Sign Changes of Coefficients of Powers of the Infinite Borwein Product

TL;DR

This paper studies the sign behavior of coefficients in powers of the infinite Borwein product, providing asymptotic formulas, characterizations, and conjectures about their periodic sign changes across various parameters.

Contribution

It introduces asymptotic formulas and characterizations for the coefficients' signs, and confirms a conjecture on their periodicity for specific parameter cases.

Findings

Coefficients exhibit ultimately periodic sign patterns.

Asymptotic formulas are derived for coefficients.
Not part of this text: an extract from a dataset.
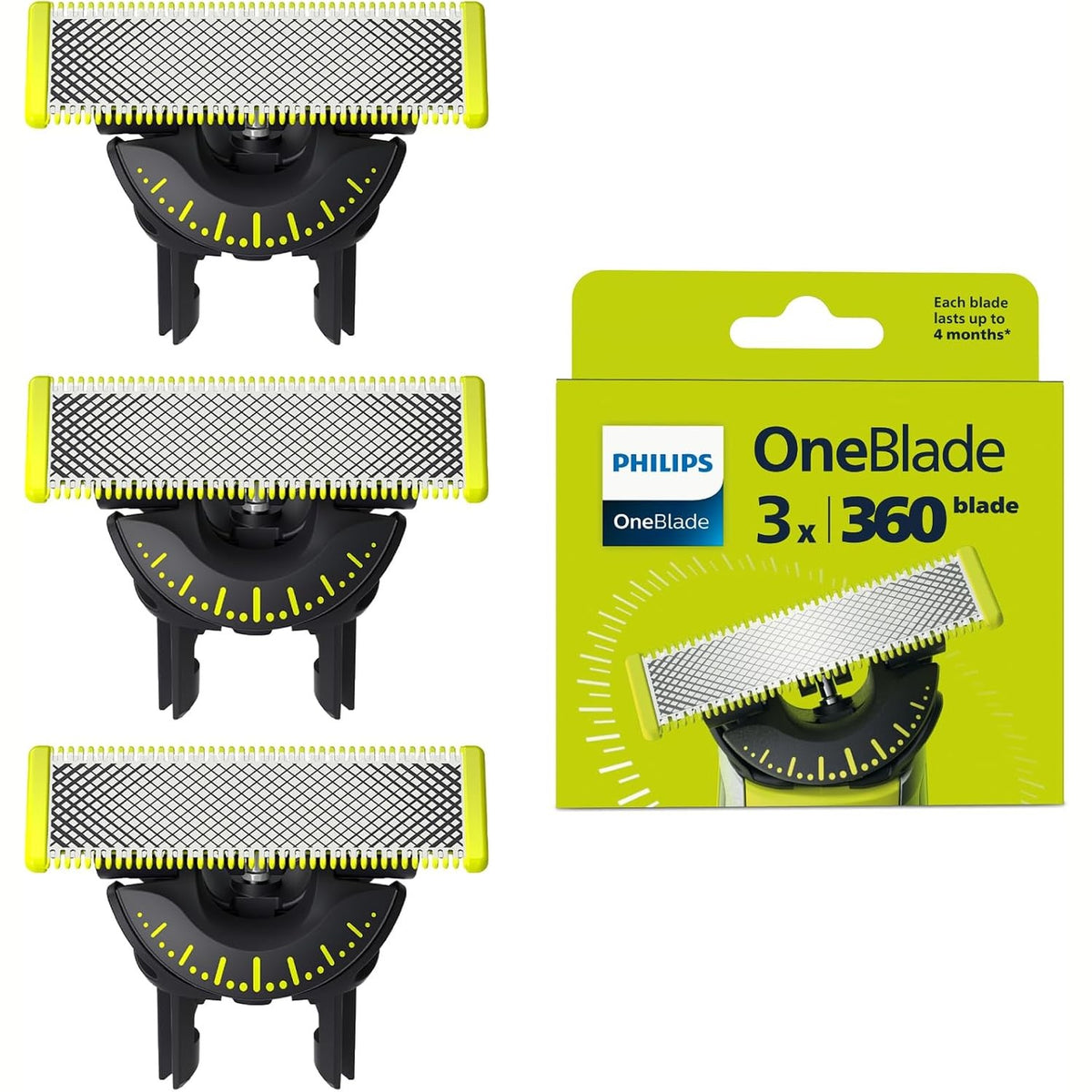 296798 - PHILIPS Tehe OneBlade Original 360, të pajtueshme me të gjitha modelet OneBlade dhe OneBlade Pro, 3 copë (modeli QP430/60)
Conjecture on sign periodicity is confirmed for certain cases.

Abstract

We denote by $c_t^{(m)}(n)$ the coefficient of $q^n$ in the series expansion of $(q;q)_\infty^m(q^t;q^t)_\infty^{-m}$, which is the $m$-th power of the infinite Borwein product. Let $t$ and $m$ be positive integers with $m(t-1)\leq 24$. We provide asymptotic formula for $c_t^{(m)}(n)$, and give characterizations of $n$ for which $c_t^{(m)}(n)$ is positive, negative or zero. We show that $c_t^{(m)}(n)$ is ultimately periodic in sign and conjecture that this is still true for other positive integer values of $t$ and $m$. Furthermore, we confirm this conjecture in the cases $(t,m)=(2,m),(p,1),(p,3)$ for arbitrary positive integer $m$ and prime $p$.